• **Activity**
Print, with no pictures, the exact lines that run from the one containing "Vidaxl 15 Pcs" through the last line of the material below, both ends included.

• **Listed entries**
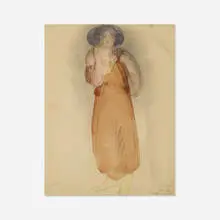 Auguste Rodin, Carmen, c. 1906-1908, graphite, watercolor and gouache on paper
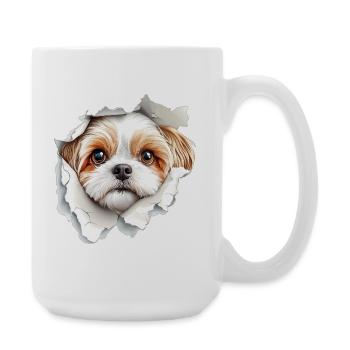 Shih Tzu - Große Tasse 440 ml - Weiß - Rechts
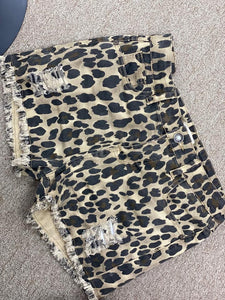 SHES WILD LEOPARD DISTRESSED SHORTS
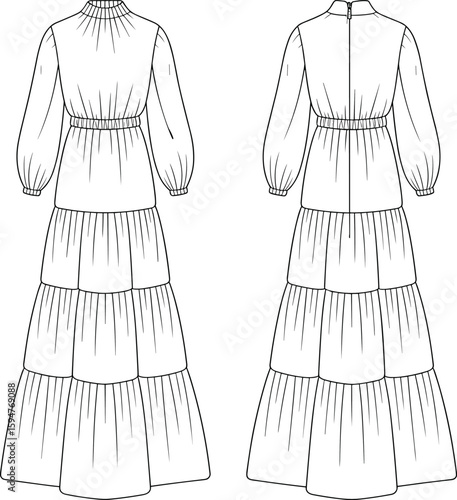 Elegant tiered maxi dress with long sleeves, high neckline, gathered waist, fashion garment CAD drawing flat vector illustration, front back views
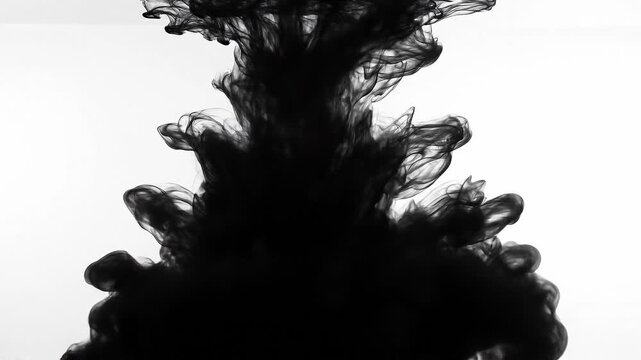 Abstract black ink swirling in water with white background artistic smoke effect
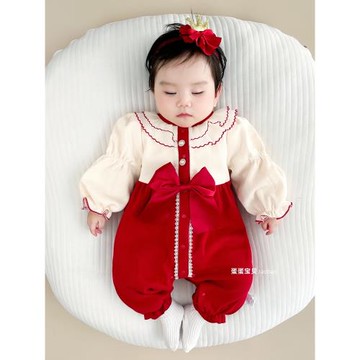 嬰兒衣服女寶寶秋冬裝超萌公主連體滿月百天冬季過年周歲禮服拜年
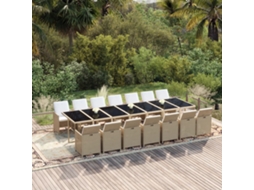 Vidaxl 15 Pcs Conjunto Jantar P/ Jardim C/ Almofadões Vime Pe Bege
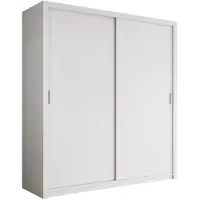 Meubella Kledingkast wit - 200x62x215 -Garderobekast met schuifdeuren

• **Written response**
 Vidaxl 15 Pcs Conjunto Jantar P/ Jardim C/ Almofadões Vime Pe Bege
 Meubella Kledingkast wit - 200x62x215 -Garderobekast met schuifdeuren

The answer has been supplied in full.